Nuova Finanza Pubblica

Nuova finanza pubblica La rubrica settimanale a cura di Nuova finanza pubblica

Pubblicato 4 mesi faEdizione del 1 giugno 2024

In questi giorni di campagna elettorale, si sprecano gli appelli delle forze politiche sull’importanza del voto, della partecipazione e della democrazia. Varrebbe la pena ricordare loro come, tredici anni fa, le persone non ebbero alcun bisogno di sollecitazioni per andare a votare i referendum sull’acqua, costruiti attraverso una straordinaria esperienza di partecipazione popolare dal basso, che aveva prodotto dapprima una legge d’iniziativa popolare con oltre 426.000 firme e successivamente una richiesta di referendum con oltre 1,4 milioni di firme.

A quei referendum, oltre 27 milioni di persone -la maggioranza assoluta del popolo italiano- votarono SI all’acqua come bene comune e alla sua sottrazione alle leggi del mercato.

Sappiamo come poi è andata a finire la storia e il deliberato non rispetto di quella volontà popolare (con l’unica eccezione della città di Napoli) è sicuramente una delle cause della disilussione di una buona parte dell’elettorato che oggi le forze politiche inseguono disperatamente.

Non contento di tutto ciò, ecco l’attacco finale del governo Meloni alla gestione pubblica dell’Acquedotto Pugliese, portato avanti attraverso l’impugnazione della legge regionale n.14/2024, con la quale la Regione Puglia consente l’ingresso ai comuni pugliesi nelle quote di partecipazione alla gestione del Servizio Idrico Integrato regionale.

Il Governo si fa forte di un pronunciamento dell’Autorità Garante della Concorrenza, ma la posta in gioco è chiara ed evidente: nel 2025 scade la concessione dell’affidamento pubblico dell’Acquedotto Pugliese e il governo vuole aprire la strada alla privatizzazione del servizio.

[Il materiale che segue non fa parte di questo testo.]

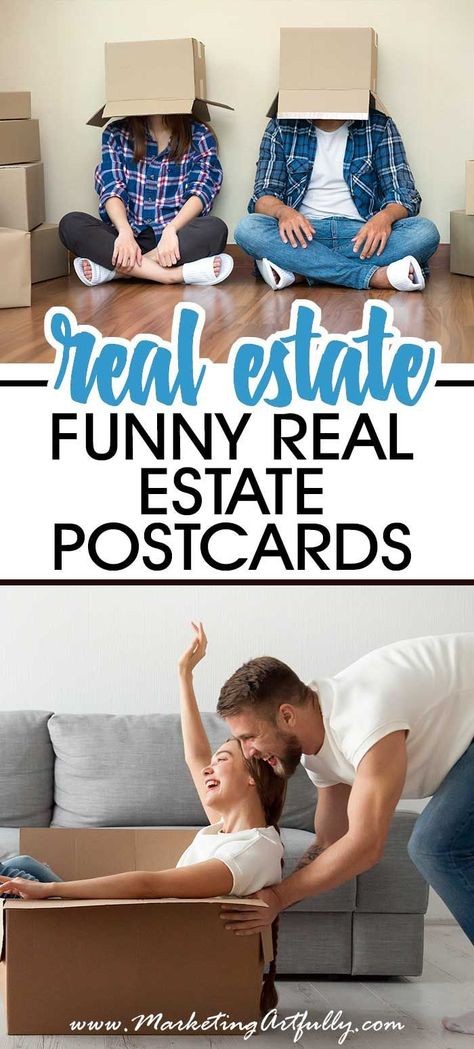 Tips and ideas for real estate marketing! Creative and funny direct mail postcard ideas. Great for farming and finding new clients. Lots of tips for how to use realtor postcards in your marketing mix! #realestate #postcards Realtor Ads, Real Estate Marketing Postcards, Realtor Postcards, Marketing Postcard, Postcard Ideas, Funny Real Estate, Real Estate Postcards, Real Estate Ads, Realestate Marketing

Stiamo parlando del più grande acquedotto d’Europa, la cui costruzione, decisa con legge del Regno d’Italia nel 1902, nell’arco di venti anni ha portato l’acqua dall’alta Irpinia a tutta la Puglia, ponendo fine alle epidemie che a inizio ’900 falcidiavano la popolazione. Si tratta di una rete idrica che serve 4 milioni di abitanti e si sviluppa per oltre 20mila km, cui si aggiungono oltre 12mila km di reti fognarie, 700 opere di sollevamento e 184 depuratori. Tutto costruito, è utile ricordare, con i soldi pubblici.

All’Autorità Garante della Concorrenza -che non ha speso una parola quando l’Emilia Romagna ha prorogato le concessioni alla multiutility pubblico-privata Hera- va forse ricordato come, nonostante tutti i tentativi portati avanti dai governi per sancire la definitiva privatizzazione dell’acqua, il Testo unico per il riordino dei servizi pubblici locali consente ancora il rinnovo delle gestioni in house al termine dell’affidamento.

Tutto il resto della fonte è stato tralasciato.